Un messaggio condiviso anche da Sigfried de Vries, segretario generale dell’European Automobile Manufacturers’ Association, che ha evidenziato come l’industria abbia già investito centinaia di miliardi nella mobilità elettrica, ma che una certa flessibilità sia necessaria per raggiungere i target senza destabilizzare il mercato.
Preoccupazioni degli operatori della mobilità elettrica: rischio incertezza
Sul fronte opposto, le associazioni che rappresentano l’interesse delle tecnologie a zero emissioni hanno sollevato preoccupazioni.
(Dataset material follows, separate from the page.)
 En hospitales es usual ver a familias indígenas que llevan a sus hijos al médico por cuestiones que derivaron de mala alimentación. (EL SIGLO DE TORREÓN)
Chris Heron, segretario generale di E-mobility Europe, ha criticato la decisione della Commissione per il potenziale impatto negativo sulla fiducia degli investitori.
Secondo Heron, il rischio principale è la perdita di credibilità della traiettoria normativa, che potrebbe dissuadere produttori di batterie, operatori della ricarica e costruttori dal proseguire con i piani di espansione previsti.
Un Green Deal ricalibrato dopo le elezioni europee del 2024
Il bando originario faceva parte del Green Deal europeo, strategia cardine dell’UE per raggiungere la neutralità climatica al 2050. Tuttavia, il cambiamento degli equilibri politici avvenuto con le elezioni del 2024 ha portato a una riconsiderazione degli strumenti attuativi.
Il calo di consensi per le forze ambientaliste e l’ascesa di gruppi di centro-destra e destra sovranista hanno determinato una crescente attenzione agli impatti socio-economici delle politiche ambientali.
Prossimi passaggi istituzionali: verso la mediazione del Consiglio
La proposta della Commissione dovrà ora affrontare il consueto iter legislativo europeo. La prossima presidenza di turno, guidata da Cipro, avrà il compito di mediare tra Parlamento e Consiglio europeo, con l’obiettivo di arrivare a un testo condiviso entro la seconda metà del 2026.
Nel frattempo, il ministro danese Lars Aagaard, attuale presidente del Consiglio Ambiente, ha dichiarato che qualsiasi modifica dovrà mantenere coerenza con gli obiettivi climatici del 2040, aprendo a un esame approfondito della proposta nei prossimi mesi.
Implicazioni industriali e tecnologiche della nuova roadmap UE
La ricalibrazione del target al 90% introduce una nuova fase per l’automotive europeo. Le aziende potranno pianificare con maggiore certezza investimenti in:
- Produzione di e-fuels e biocarburanti avanzati
- Integrazione di acciaio low-carbon nella filiera
- Ottimizzazione delle piattaforme ibride
- Espansione dell’elettrico accessibile
La nuova normativa non rappresenta un arretramento della transizione ecologica, ma una sua evoluzione pragmatica, capace di conciliare sostenibilità, competitività industriale e resilienza tecnologica.